Hasegawa Makoto, Ogino Takayuki, Sekido Yuki, Takeda Mitsunobu, Hata Tsuyoshi, Hamabe Atsushi, Miyoshi Norikatsu, Uemura Mamoru, Doki Yuichiro, Eguchi Hidetoshi
Department of Gastroenterological Surgery, Graduate School of Medicine, Osaka University, 2-2 Yamadaoka E-2, Suita, Osaka, 565-0871, Japan.
Surg Case Rep. 2024 Aug 14;10(1):186. doi: 10.1186/s40792-024-01987-7.
An enterocutaneous fistula (ECF) is defined as an abnormal communication between the gastrointestinal tract and skin. ECFs are rarely encountered in clinical practice, yet are frequently difficult to treat. Few reports exist regarding the surgical techniques for the treatment of an ECF. Therefore, we report a case of refractory ECF with concomitant severe adhesions, in which we performed combined laparoscopic adhesiolysis and planned open conversion.
A 57-year-old female patient underwent a laparotomy for an ovarian cyst in her 20s. At 46 years, adhesiolysis without bowel resection was performed for adhesive small bowel obstruction (SBO). However, her symptoms did not improve. Eighteen days postoperatively, she underwent a reoperation and jejunostomy. An ECF developed post-reoperation; therefore, stoma closure and radical surgery for the ECF were planned. Due to the severe adhesions, only stoma closure was performed, based on intraoperative assessments. The patient was subsequently referred to our hospital. First, skin care around the fistula was provided during an outpatient visit. Appropriate sizing of the stoma pouch was performed, to improve erosions and ulcers. Thereafter, debridement of the perifistula skin and simple closure of the ECF outlet were attempted; however, the ECF recurred shortly thereafter. After 8 years of regular skin care, with the ECF remaining stable, however, manifesting as symptomatic SBO, she underwent laparoscopic adhesiolysis. This procedure was initiated in the epigastric region, where relatively fewer adhesions were anticipated.
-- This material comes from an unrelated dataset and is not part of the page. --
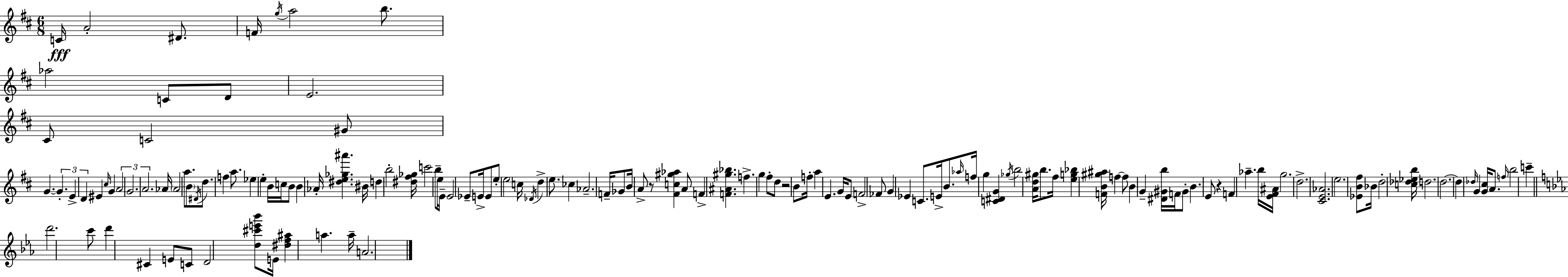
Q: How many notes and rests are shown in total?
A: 143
Post-open conversion, partial resection of the small intestine at four locations, including the fistula site, was performed. Postoperatively, jejunal edema and peristaltic dysfunction, due to narrowing of the superior mesenteric artery occurred. Regular drainage by percutaneous endoscopic gastrostomy was required. However, she improved and was discharged 3 months post-operatively. Three years post-operatively, the ECF and SBO did not recur.
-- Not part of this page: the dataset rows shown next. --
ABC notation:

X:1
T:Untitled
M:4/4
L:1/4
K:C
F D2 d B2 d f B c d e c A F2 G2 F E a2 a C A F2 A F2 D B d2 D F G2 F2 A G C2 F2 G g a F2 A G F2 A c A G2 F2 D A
We reported a case of refractory ECF in which we were able to safely perform surgery, by combining laparoscopic adhesiolysis and a planned open conversion. Therefore, the surgical approach used in this case may be an option for securing a safe surgical field, while avoiding collateral damage.
肠皮肤瘘(ECF)定义为胃肠道与皮肤之间的异常通道。ECF在临床实践中很少见,但治疗起来往往很困难。关于治疗ECF的手术技术的报道很少。因此,我们报告一例伴有严重粘连的难治性ECF病例,我们对其进行了腹腔镜粘连松解术联合计划性开放转换手术。
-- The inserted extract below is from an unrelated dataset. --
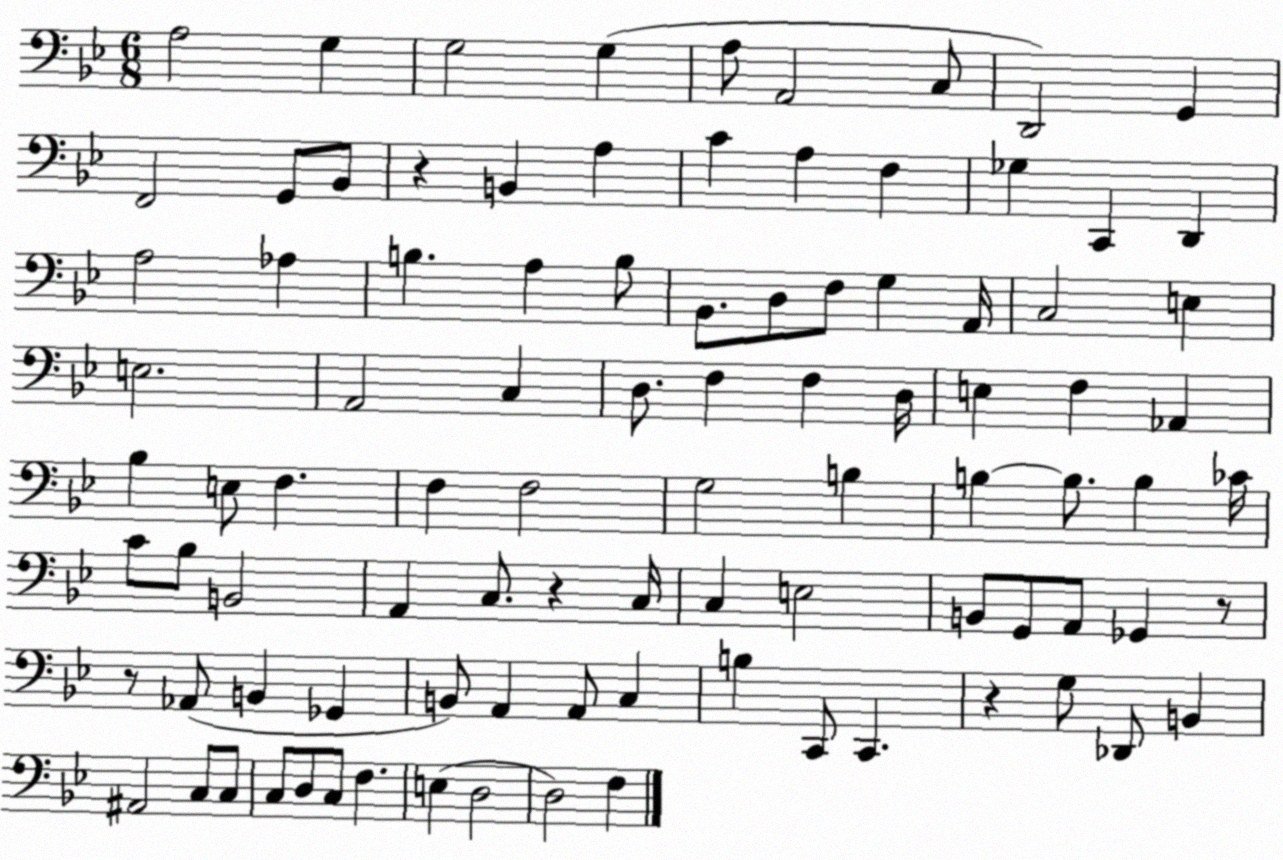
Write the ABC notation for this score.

一名57岁女性患者在20多岁时因卵巢囊肿接受了剖腹手术。46岁时,因粘连性小肠梗阻(SBO)进行了粘连松解术,未行肠切除术。然而,她的症状并未改善。术后18天,她接受了再次手术和空肠造口术。术后发生了ECF;因此,计划进行造口关闭和ECF根治性手术。由于粘连严重,根据术中评估,仅进行了造口关闭。患者随后被转诊至我院。首先,在门诊就诊时对瘘口周围进行皮肤护理。对造口袋进行了适当的尺寸调整,以改善糜烂和溃疡。此后,尝试对瘘口周围皮肤进行清创并简单封闭ECF出口;然而,ECF不久后复发。经过8年的定期皮肤护理,ECF保持稳定,但表现为有症状的SBO,她接受了腹腔镜粘连松解术。该手术在预计粘连相对较少的上腹部区域开始。开放转换后,在包括瘘口部位在内的四个位置对小肠进行了部分切除。术后,由于肠系膜上动脉狭窄,出现了空肠水肿和蠕动功能障碍。需要通过经皮内镜胃造口术进行定期引流。然而,她病情好转,术后3个月出院。术后三年,ECF和SBO未复发。
我们报告了一例难治性ECF病例,通过腹腔镜粘连松解术和计划性开放转换手术,我们能够安全地进行手术。因此,本病例中使用的手术方法可能是确保安全手术视野、同时避免附带损伤的一种选择。